Ainsi que je l’ai prévu, les matuches n’en ont que pour le vaeze dont seul le témoignage les intéresse. Aussi se précipitent-ils sur lui comme un seul homme. J’ai eu le temps de repérer au passage le chef à lunettes, toujours flanqué du majordome, lequel m’a l’air de prendre à cœur notre destin. J’ai un pincement à la boîte à ragoût en me disant qu’il suffit d’un geste du vaeze pour que tout craque. S’il nous désigne en criant qui nous sommes, on est râpés, mes gredines. Laminés ! Passés au pilon par tous ces gens car, pour le prince, un lynchage de nos personnes serait la meilleure conclusion de ses angoisses et ce ne sont pas les flics qui l’empêcheront.
Par veine, nous sommes tombés sur un mec réglo. À peine sorti, le vieillard se met à battre l’air de ses bras maigrichons et il s’écroule.
Le Gros et moi ne perdons pas une seconde. On se coule à travers la foule comme deux braves suppositoires dans un rectum vorace. On joue des coudes. On se fait petits. On s’incorpore. On s’amalgame. On se glisse en queue de peloton. On avance à reculons pour ne pas avoir l’air de fuir. À force, on a bientôt franchi ce torrent humain. Nous voici à l’entrée d’une ruelle. On l’emprunte.
— Faut pas se croire le nez propre pour autant, dis-je à Béru. Dans quelques minutes ils sauront qu’on est travestis en doudounes et ils se remettront à nous courser. On ferait mieux de se séparer, on attirerait moins l’attention.
Béru crache à douze pas.
— Sépare-toi de moi si tu veux, moi je refuse, déclare-t-il tout net. Après on passerait not’ temps à vouloir se récupérer et on n’aurait réussi qu’à perdre du temps. « Tant qu’on restera soudés, Mec, on s’en sortira. »
Ému par cette foi en l’amitié, je lui presse le bras.
— T’as raison, maman !
— Où qu’on pourrait aller se remiser la couenne, selon toi ?
— Chez ma douce amie Vahi-Palpélzizi dont le paternel est un brave homme de pêcheur.

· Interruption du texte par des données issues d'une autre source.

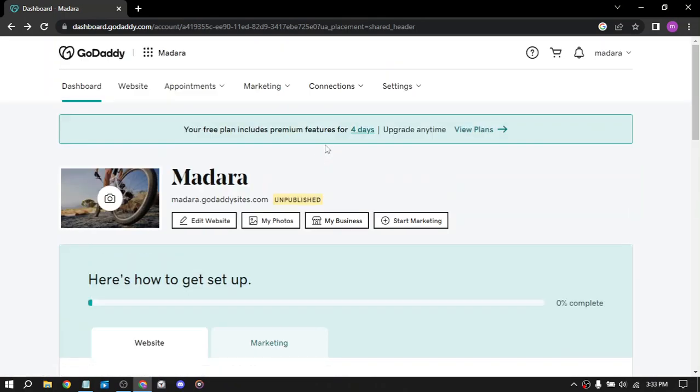So to sum up, GoDaddy offers several ways to make money online, from reselling domains and web hosting to creating and selling your own products and services. By leveraging GoDaddy's platform and services and using your own skills and expertise, you can build a successful online business and earn steady income from home.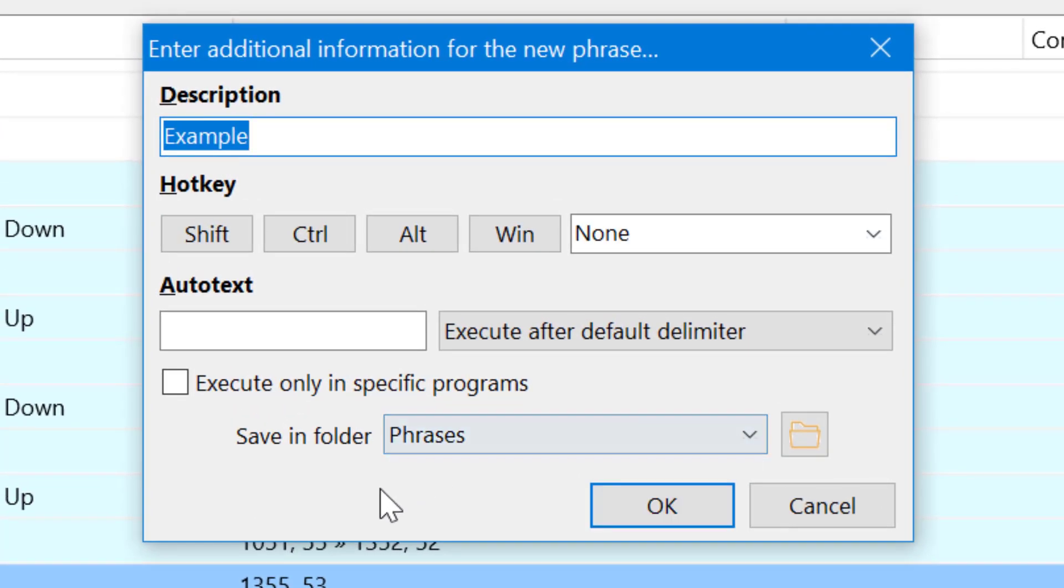PhraseExpress now starts the process to create a new item in the Phrase library. PhraseExpress treats the MacroRecorder recordings just like a regular phrase in PhraseExpress. So you can give it a name or use this name you just entered.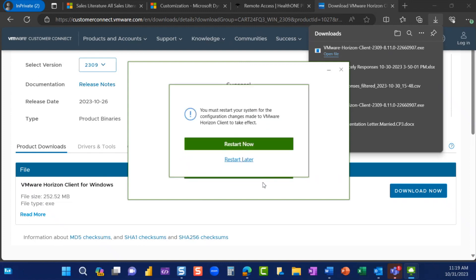When prompted, we recommend selecting Restart Now. However, for the purpose of this video, I'm going to select Restart Later.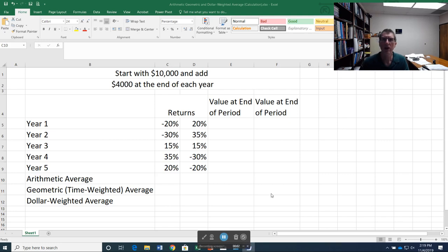Here, we're going to take a quick look at three ways to calculate average returns for investments. The first is an arithmetic average return, which is by far the simplest but also the least effective way to calculate average returns.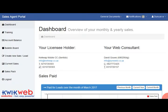Welcome to your sales agent portal. This is a quick overview of how the portal works and how you would go about logging a sale.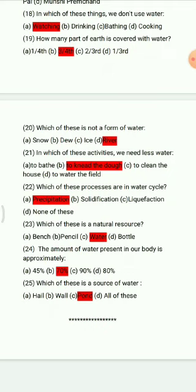Question 25: Which of these is a source of water? Options: hail, wall, pond, all of these. The correct answer is pond.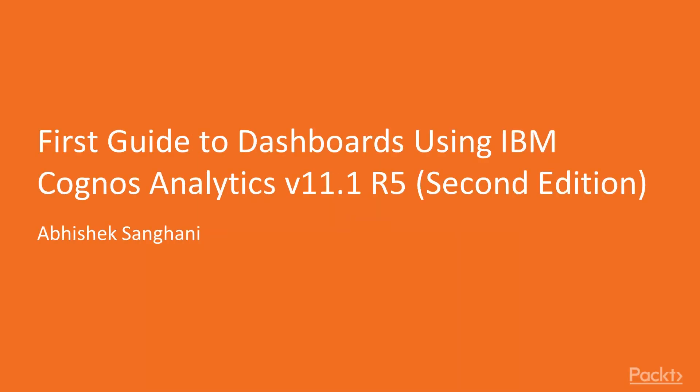Welcome to my video course called Uncover Insights and Build Dashboards using IBM Cognos Analytics. In this video course we will learn how to create amazing dashboards using Cognos Analytics version 11.1.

— Tu sais où qu’ils crèchent ?
— À l’autre bout de la ville, hélas !
— Faut pouvoir y arriver, dit le Dodu. Attends, murmure-t-il, je crois que j’ai une idée. T’as de la petite monnaie ?
— Oui, pourquoi ?
— Aboule !
Je vide mes fonds de poches dans ses fonds de mains.

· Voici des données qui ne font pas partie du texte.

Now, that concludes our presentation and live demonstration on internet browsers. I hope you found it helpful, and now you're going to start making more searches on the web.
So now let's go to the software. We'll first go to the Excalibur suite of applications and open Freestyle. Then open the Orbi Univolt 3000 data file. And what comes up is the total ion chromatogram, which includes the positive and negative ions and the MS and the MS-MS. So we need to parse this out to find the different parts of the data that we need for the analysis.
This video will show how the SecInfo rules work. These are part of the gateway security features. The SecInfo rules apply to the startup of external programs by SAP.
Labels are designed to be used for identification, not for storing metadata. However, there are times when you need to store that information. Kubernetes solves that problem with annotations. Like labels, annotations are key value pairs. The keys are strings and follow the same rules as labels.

Alors, le rusé s’approche d’un groupe d’enfants guenilleux occupés à peler un chaton vivant.
— Pssst ! leur fait-il.
Langage international. Les mômes lèvent la tête. Ils sont quatre, barbouillés à souhait, couverts de trucs eczémateux.

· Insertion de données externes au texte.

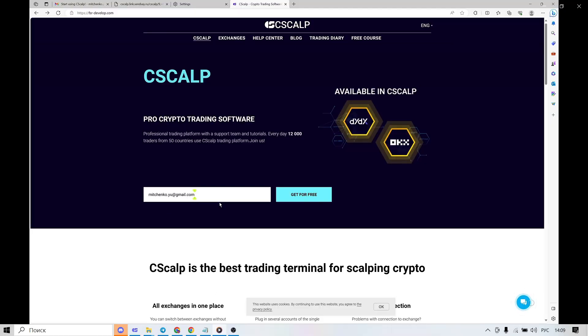Hi there! In this video guide you will figure out how to install the Syscat terminal, connect it to the exchange, and launch and use the main functions.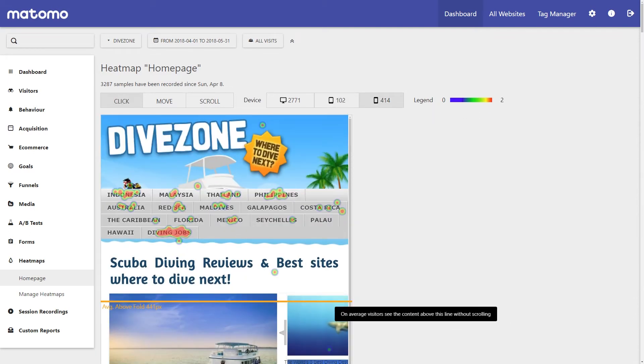Heatmaps is fast becoming one of the most important components for analysing user experience. No other tool lets you visualise at a glance your website's usability and content like Heatmaps, and it's a great way to get key people on board as you make data-driven decisions on the layout of your website.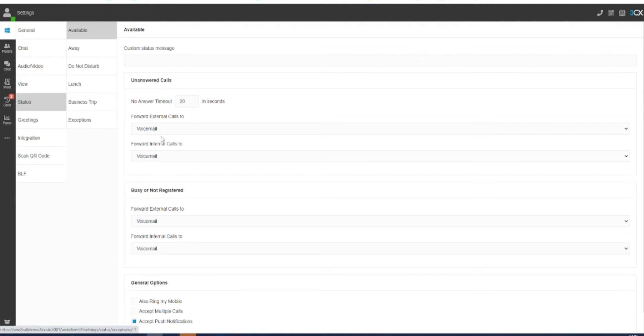In here you will be presented with different statuses which you can alter how these are handled. For example, if you wanted to set a forward for all unanswered or busy calls, this can be done in the Available menu.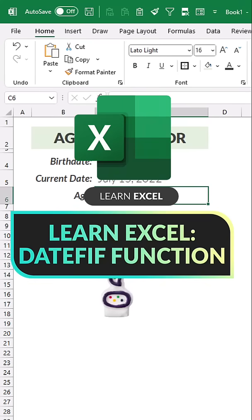Alright, I'm going to show you a top secret Excel function that can be used to calculate age since it's not as easy as you'd think in Excel.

Béru leur montre une pièce de monnaie à l’effigie du Châh de Perche. Fascinés, les lardoches s’approchent. La mère Béru remet la pièce au plus chiare : un môme d’à peine trois ans, et le prend sur un bras. Puis le Gros fait teinter le reste de la mornifle et, toujours par signes précis, promet aux trois autres gaillards qu’il la leur donnera s’ils nous escortent. Tu parles s’ils bichent ! Les voici qui s’accrochent à nous en implorant l’artiche. On reprend notre route en compagnie des enfants. Béru a l’air d’une grosse nomade harcelée par ses petits pélicans.